Working with Items and Annotations in Dataloop 📦
Welcome to your guide to working with items and annotations in Dataloop! Whether you're uploading files, managing metadata, or organizing your data, we've got you covered. Let's dive in!
Understanding Items 📚
In Dataloop, an item can be any type of data - images, videos, text files, and more. Think of items as the building blocks of your datasets. Each item can have:
- Metadata
- Annotations
- Custom attributes
- And more!
Basic Item Operations 🛠️
Uploading Individual Files
Let's start with the basics - uploading specific files to your dataset:
import dtlpy as dl
if dl.token_expired():
dl.login()
# Get your project and dataset
project = dl.projects.get(project_name='project_name')
dataset = project.datasets.get(dataset_name='dataset_name')
# Upload specific files
local_path = [
r'C:/home/project/images/John Morris.jpg',
r'C:/home/project/images/John Benton.jpg',
r'C:/home/project/images/Liu Jinli.jpg'
]
remote_path = '/folder_name' # Optional: files go to root directory by default
# Upload the files
dataset.items.upload(
local_path=local_path,
remote_path=remote_path
)
Uploading Entire Folders
Need to upload all files from a folder? Here's how:
# Specify your folder path
local_path = r'C:/home/project/images'
remote_path = '/folder_name'
# Upload everything in the folder
dataset.items.upload(
local_path=local_path,
remote_path=remote_path
)
Working with URLs
You can also add items using their URL links:
# Prepare your URL
url_path = 'http://ww.some_website/beautiful_flower.jpg'
file_name = 'flower.jpg'
# Create a URL link
link = dl.UrlLink(
ref=url_path,
mimetype='image',
name=file_name
)
# Upload the link
item = dataset.items.upload(local_path=link)
# View the item in the platform
item.open_in_web()
Working with Metadata 📝
Think of metadata as your data's personal diary - you can attach any information you want to both items and annotations. It's perfect for organizing, filtering, and finding your data later.
⚠️ Note: When adding new metadata to an item, it might overwrite existing metadata, so be careful to preserve existing data when needed.
Metadata Types
Metadata supports various data types:
- 📝 Strings
item.metadata['user'] = {'message': 'Hello, World!'}
annotation.metadata['user'] = {'mood': 'Happy'}
- 🔢 Numbers
item.metadata['user'] = {'lucky_number': 42}
annotation.metadata['user'] = {'confidence_score': 0.95}
- ✅ Booleans
item.metadata['user'] = {'is_verified': True}
annotation.metadata['user'] = {'needs_review': False}
- 👻 Null
item.metadata['user'] = {'secret': None}
Basic Metadata Upload
Here's how to upload items with metadata:
# Prepare item information
item_info = {
'local_path': 'path/to/image.jpg',
'remote_path': '/destination',
'remote_name': 'new_name.jpg',
'item_metadata': {
'user': {
'category': 'flower',
'color': 'red'
}
}
}
# Upload with metadata
item = dataset.items.upload(**item_info)
Updating Existing Item Metadata
# Get your item
item = dataset.items.get(item_id='your-item-id')
# Add or update metadata
if 'user' not in item.metadata:
item.metadata['user'] = dict()
item.metadata['user']['mood'] = 'fantastic'
# Save the changes
item = item.update()
Finding Items by Metadata
Want to find all items with specific metadata?
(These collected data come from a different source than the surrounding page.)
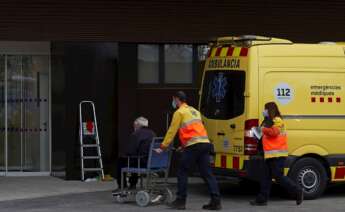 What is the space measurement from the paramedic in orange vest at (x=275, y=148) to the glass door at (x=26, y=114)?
219 inches

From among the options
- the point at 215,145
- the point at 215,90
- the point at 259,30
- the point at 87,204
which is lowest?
the point at 87,204

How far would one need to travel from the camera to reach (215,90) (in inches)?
458

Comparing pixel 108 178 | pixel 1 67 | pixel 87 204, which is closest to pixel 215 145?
pixel 87 204

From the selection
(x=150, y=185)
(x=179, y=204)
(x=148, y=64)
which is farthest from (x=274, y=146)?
(x=148, y=64)

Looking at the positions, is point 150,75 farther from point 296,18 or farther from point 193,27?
point 296,18

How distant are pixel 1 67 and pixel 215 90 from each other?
5.00 m

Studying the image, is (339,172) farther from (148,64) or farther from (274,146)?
(148,64)

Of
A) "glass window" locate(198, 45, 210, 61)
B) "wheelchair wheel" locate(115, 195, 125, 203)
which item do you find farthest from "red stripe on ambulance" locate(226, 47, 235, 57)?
"glass window" locate(198, 45, 210, 61)

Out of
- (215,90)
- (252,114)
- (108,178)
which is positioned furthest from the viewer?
(108,178)

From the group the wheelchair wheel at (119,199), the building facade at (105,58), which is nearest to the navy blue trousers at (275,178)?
the wheelchair wheel at (119,199)

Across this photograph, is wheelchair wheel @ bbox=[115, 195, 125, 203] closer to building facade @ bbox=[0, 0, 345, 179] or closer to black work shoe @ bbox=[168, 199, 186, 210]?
black work shoe @ bbox=[168, 199, 186, 210]

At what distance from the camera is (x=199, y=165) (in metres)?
10.5

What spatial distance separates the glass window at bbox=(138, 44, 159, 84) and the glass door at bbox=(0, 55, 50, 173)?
1.92 m

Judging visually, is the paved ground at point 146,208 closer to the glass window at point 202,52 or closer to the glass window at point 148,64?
the glass window at point 148,64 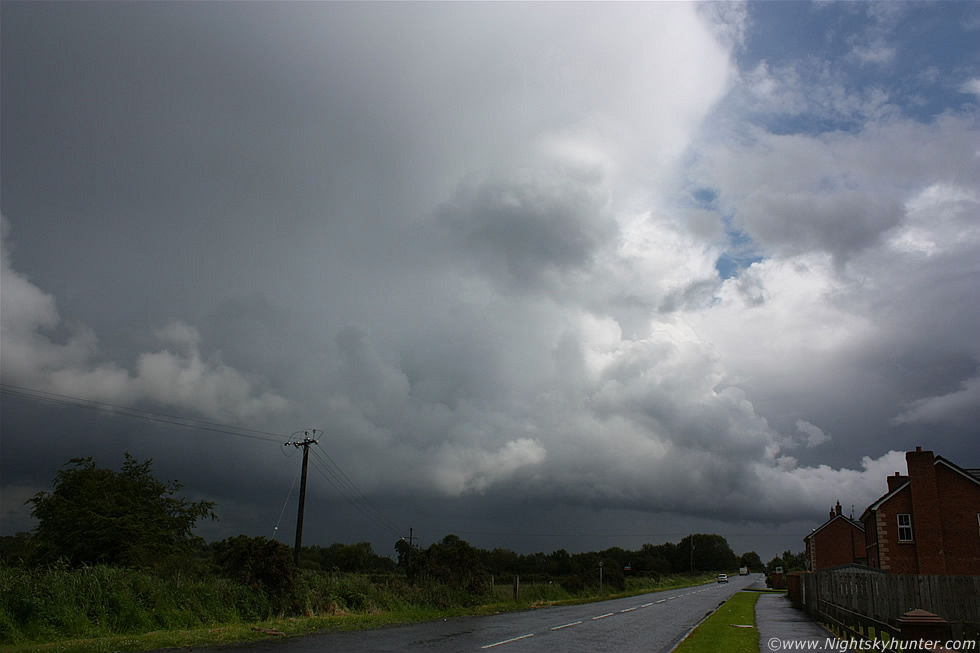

Here's how:
# Create filters
filters = dl.Filters(resource=dl.FiltersResource.ITEM)
filters.add(field='metadata.user.mood', values='fantastic')
# Find matching items
pages = dataset.items.list(filters=filters)
for page in pages:
for item in page:
print(f"Found item: {item.name} with mood: {item.metadata['user']['mood']}")
Working with Arrays 🔢a
Need to upload numpy arrays directly? Here's how:
import cv2
import numpy as np
from PIL import Image
# Load image with cv2
img_cv2 = cv2.imread("/home/tmp/saturn.jpg")
# Or load with PIL
img_pil = np.asarray(Image.open("/home/tmp/saturn.jpg"))
# Upload array (remote_name is required!)
item = dataset.items.upload(
local_path=img_cv2,
remote_name='saturn.jpg'
)
# View in platform
item.open_in_web()
Working with Modalities 🎭
Modalities are multiple layers representing the same reality or scene. For example, you might have multiple sensors capturing the same object, or different views of the same item. In Dataloop, you can link these related items as modality layers.
Adding a Single Modality
Here's how to set one item as a modality of another:
# Get your main item
main_item = dataset.items.get(item_id='main-item-id')
# Get the modality item
modality_item = dataset.items.get(item_id='modality-item-id')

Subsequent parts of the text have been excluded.